J Hand Ther 2017 Oct - Dec;30(4):500-506. Epub 2016 Nov 15.

Shriners Hospitals for Children-Houston, Houston, TX, USA. Electronic address:

Study Design: Clinical measurement study.

Introduction: The Functional Dexterity Test (FDT) has not been validated in children.

Purpose Of The Study: To determine reliability and validity of the FDT in a pediatric population.

Methods: Intraclass Correlation Coefficients (ICCs) were used to calculate interrater and test-retest reliability in typically developing children. Pearson correlation coefficients were used to compare FDT speed with the Jebsen-Taylor Hand Function Test (JHFT) and with 2 activities of daily living tasks to establish validity in children with congenital hand differences.

Results: The FDT demonstrated excellent interrater (ICC, 0.99) and test-retest (ICC, 0.90) reliability. Pearson correlation coefficients exceeded 0.67 for JHFT subsets of fine dexterity and were all less than 0.66 for JHFT subsets of gross grasp. Correlations with the activities of daily living tasks were good to excellent. FDT speeds in TD children exceeded those of children with congenital hand differences (P < .001), demonstrating discriminant validity.

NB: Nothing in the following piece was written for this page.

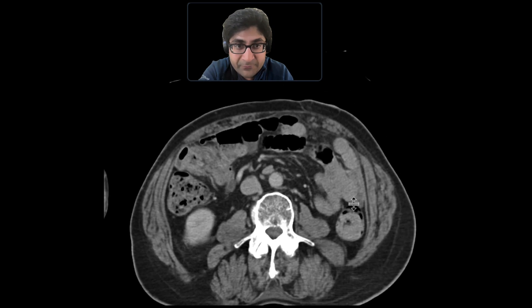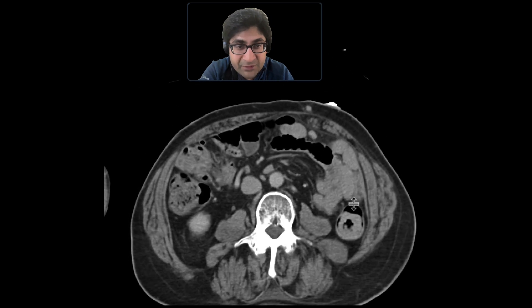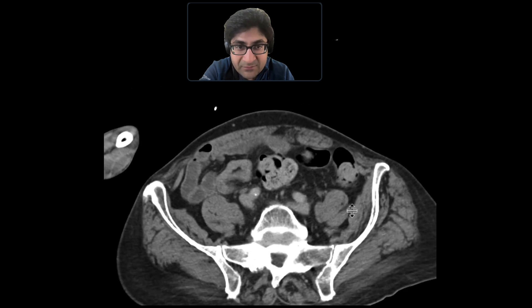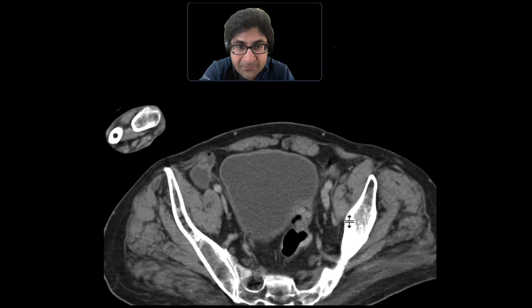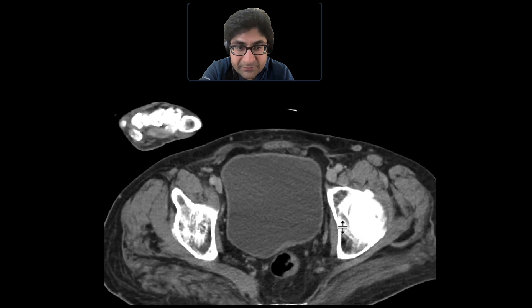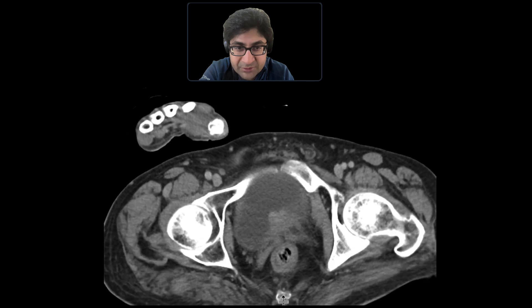As we scroll more inferiorly, there's going to be a bunch of other nodules — one here, one in the subcutaneous fat, and perhaps also even more inferiorly down in the pelvis with a bunch of nodules there.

Discussion: Children with congenital hand differences are often treated early in life, making it important to reliably assess hand function of these young children to distinguish developmental change from changes due to interventions. The FDT can reliably measure functional progress over time, help clinicians monitor the efficacy of treatment, and provide families realistic feedback on their child's progress.

Conclusion: The FDT is a valid and reliable instrument for the measurement of fine motor dexterity in children.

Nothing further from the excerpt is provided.